Claro que a menudo esas visitas eran después del café: en mi casa, siendo yo chaval, una vez los padres volvían a sus trabajos, los niños a sus escuelas y las cocinas se recogían, a menudo las madres se reunían. Y se tomaba café. Pero café, con todo el protocolo, y eso exigía pastas de café. De ahí que más de una vez tuviera yo que escabullirme escopeteado a la pastelería a comprarlas.
Sigo. Fuera la visita después de comer o para la propia comida, siempre se servía café. Siempre. Y se tomaba, aunque en la intimidad no se hiciera. Se sacaba el juego de café, se calentaba leche para quien lo quisiera cortado, y se traía la cafetera hirviendo. Claro, no se dejaba la cafetera en el centro y que quien quisiera se sirviera, faltaría más, sino que el anfitrión iba preguntando a cada uno cuánto café quería y cómo, lo servía y luego, impepinablemente:
—¿Un terrón o dos?
El azúcar acostumbraba a estucharse en terrones, de unos 6 gramos diría yo, quizá más. Así que la medida estándar era el terrón.
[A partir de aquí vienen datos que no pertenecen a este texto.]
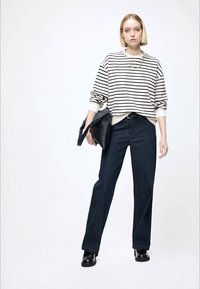 Sweat-shirt blanc et noir à rayures, surdimensionné, jean large bleu foncé, sac à main noir et chaussures noires épaisses. Le mannequin se tient devant un fond clair.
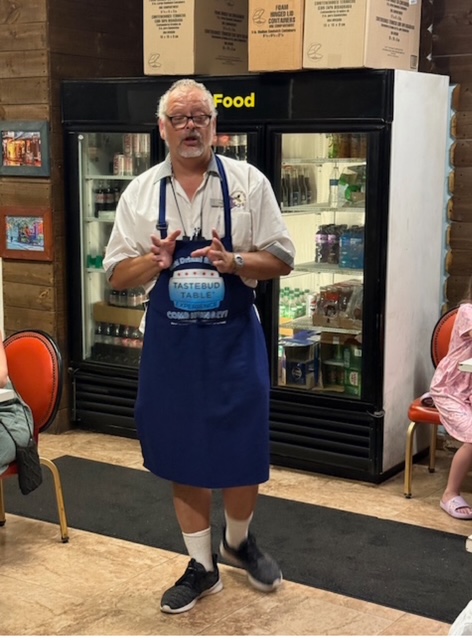 Man with apron speaking in front of a refrigerator in a store setting.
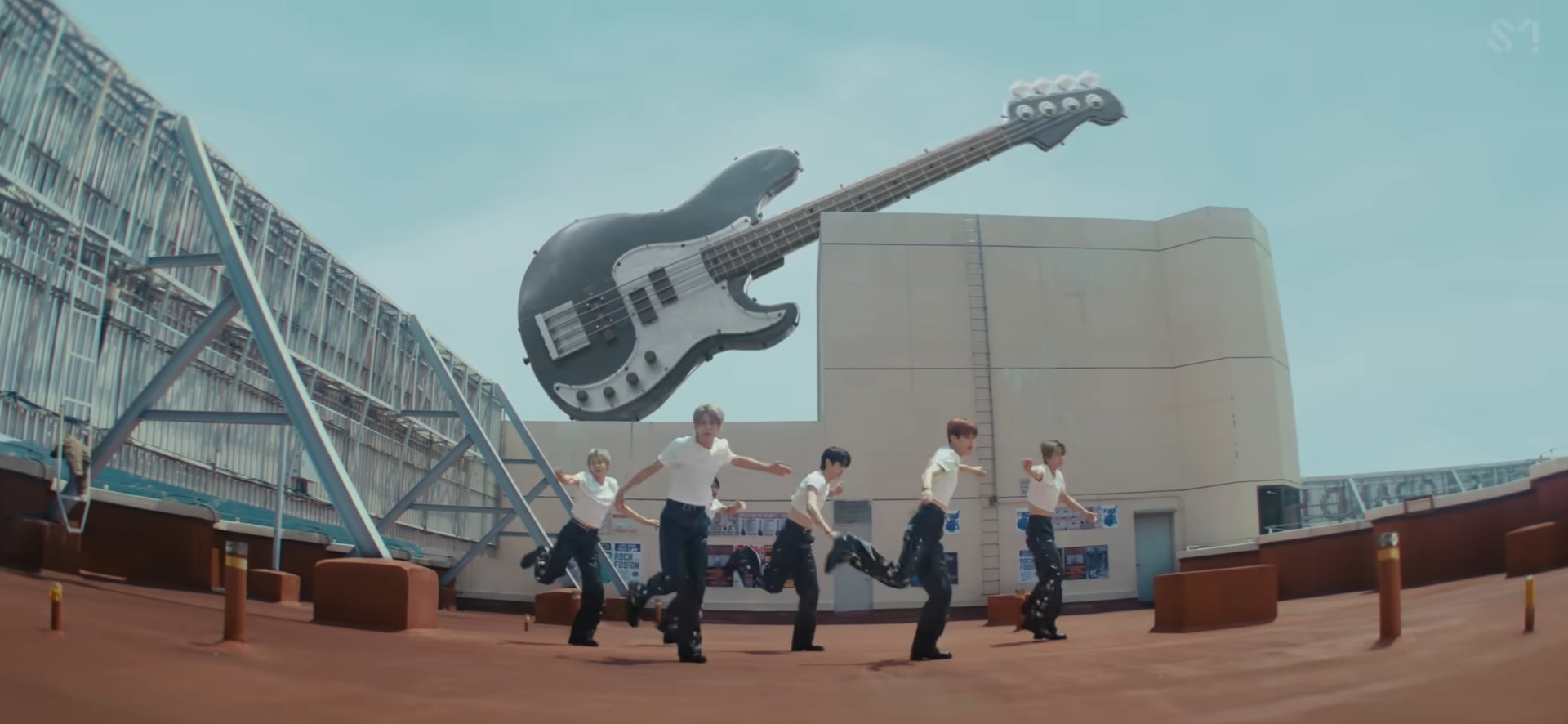 RIIZE performing a group dance in front of a giant bass guitar sculpture in the Boom Boom Bass music video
Uno era correcto, dos significaba mucho y desde luego pedir más no me suena haberlo vivido nunca. Y los medios terrones, en mi caso, se conseguían sacando el terrón de la taza antes de que se disolviera todo. Cuando tuve la edad, en casa yo era el encargado del protocolo del café: preparar el café (para que mi madre
no tuviera que dejar solas a las visitas), sacar las tazas, inquirir educadamente a cada asistente, servirlo y, por descontado, encargarme del azúcar. Y, también, recogerlo al terminar y retirarme discretamente, para que las señoras hablaran de sus cosas a solas.
Con el tiempo dejó de servirse en terrones, pero la costumbre perduró:
—¿Una cucharada o dos?
—Una, gracias.
Esta entrada no es por el terrón en sí, aunque es triste ser testigo de cómo parte de nuestro vocabulario se vaya perdiendo, sino por todo lo que rodeaba al terrón y que también se pierde. La parafernalia. Las pastas de té. Las visitas a las casas y el protocolo de las visitas. La habitación en la que se recibía, y en la que los niños no podían entrar. La misma costumbre de que los niños desaparecieran cuando llegaban las visitas.
Las costumbres de aquel mundo, en suma.